Aims. The magnetic field of accreting neutron stars determines their overall behavior including the maximum possible luminosity. Some models require an above-average magnetic field strength (≥10¹³G) in order to explain super-Eddington mass accretion rate in the recently discovered class of pulsating ultraluminous X-ray sources (ULX). The peak luminosity of SMC X-3 during its major outburst in 2016-2017 reached ∼2.5x10³⁹erg/s comparable to that in ULXs thus making this source the nearest ULX-pulsar. Determination of the magnetic field of SMC X-3 is the main goal of this paper.
Methods. SMC X-3 belongs to the class of transient X-ray pulsars with Be optical companions, and exhibited a giant outburst in July 2016-March 2017. The source has been observed over the entire outburst with the Swift/XRT and Fermi/GBM telescopes, as well as the NuSTAR observatory. Collected data allowed us to estimate the magnetic field strength of the neutron star in SMC X-3 using several independent methods.

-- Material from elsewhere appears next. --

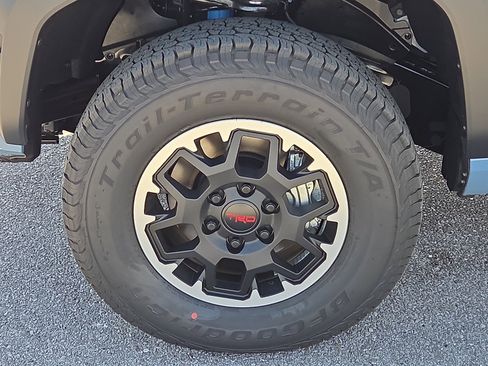 New 2026 Toyota Tacoma TRD Off-Road image 5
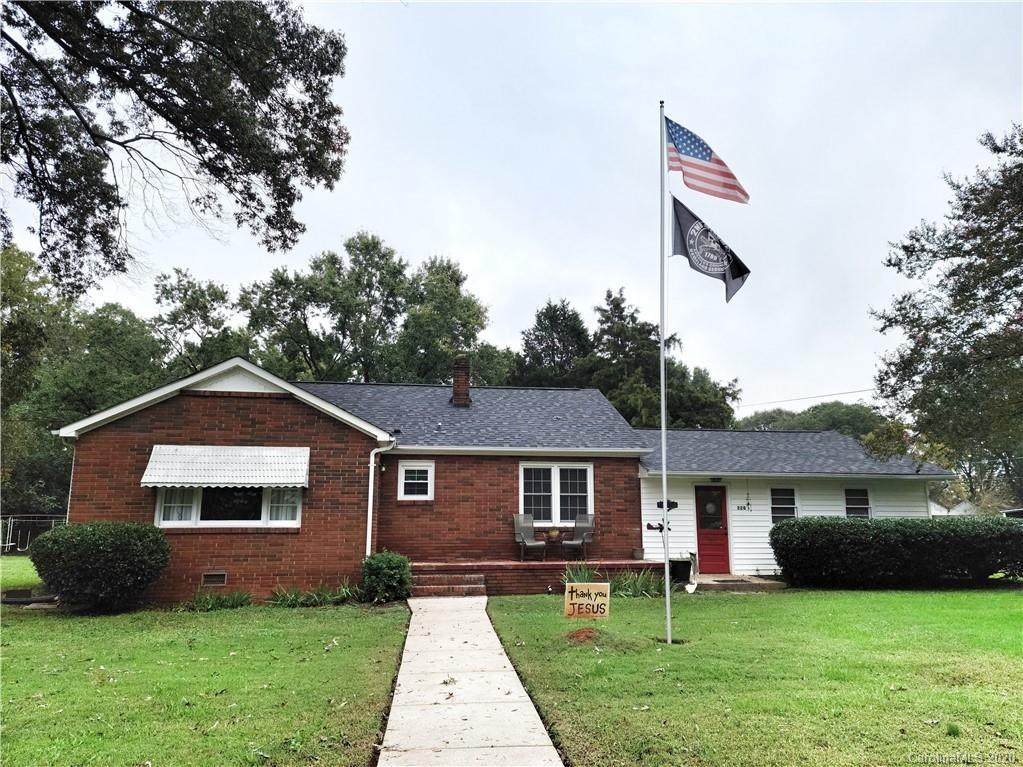 320 Roseman Road - Photo 1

Results. Spin evolution of the source during and between the outbursts, and the luminosity of the transition to the so-called propeller regime in the range of (0.3-7)x10³⁵erg/s imply a relatively weak dipole field of (1-5)x10¹²G. On the other hand, there is also evidence for a much stronger field in the immediate vicinity of the neutron star surface. In particular, transition from super- to sub-critical accretion regime associated with the cease of the accretion column and very high peak luminosity favor a field that is an order of magnitude stronger. This discrepancy makes SMC X-3 a good candidate for possessing significant non-dipolar components of the field, and an intermediate source between classical X-ray pulsars and accreting magnetars which may constitute an appreciable fraction of ULX population.